• Your task:
The needed output is the run of lines below from the one containing "Dermatitis torácica por" through the one containing "In Vitro Fertilization", copied exactly and free of pictures.

• Material supplied:
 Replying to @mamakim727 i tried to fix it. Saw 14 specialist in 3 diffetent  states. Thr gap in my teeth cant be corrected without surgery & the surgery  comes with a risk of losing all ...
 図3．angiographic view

---

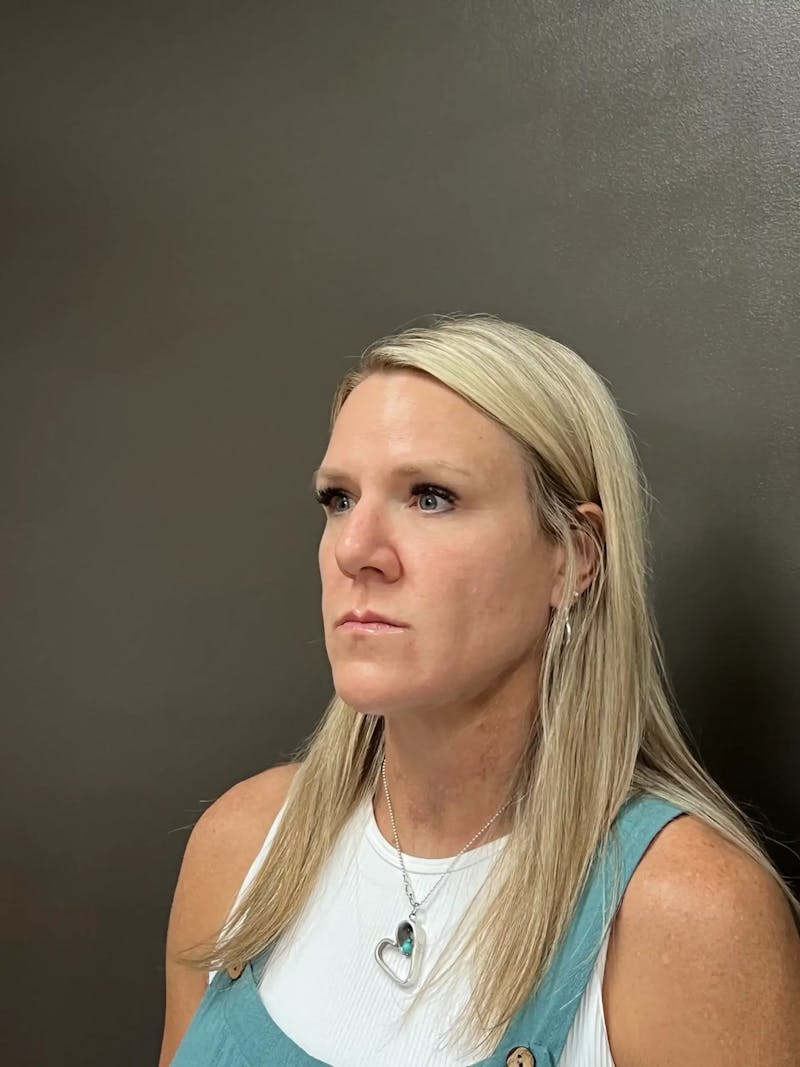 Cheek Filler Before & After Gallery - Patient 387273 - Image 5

---

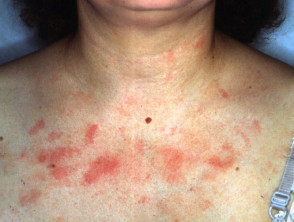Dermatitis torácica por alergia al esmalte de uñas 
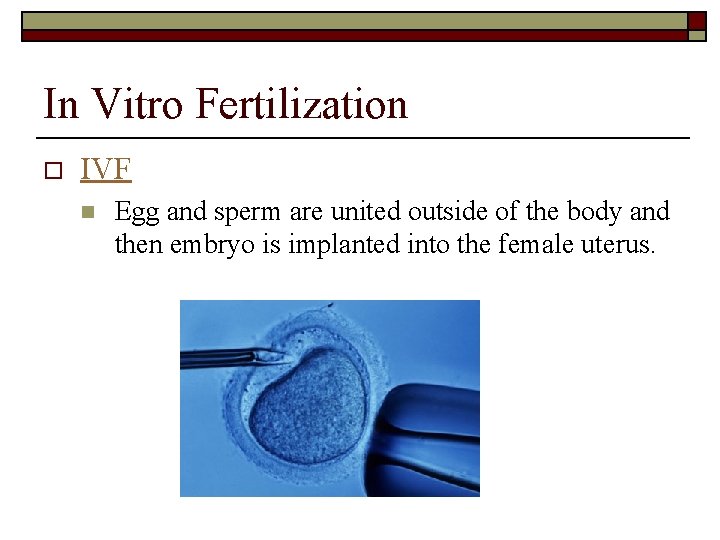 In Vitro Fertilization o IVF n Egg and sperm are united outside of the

• Answer space:
Dermatitis torácica por alergia al esmalte de uñas 
 In Vitro Fertilization o IVF n Egg and sperm are united outside of the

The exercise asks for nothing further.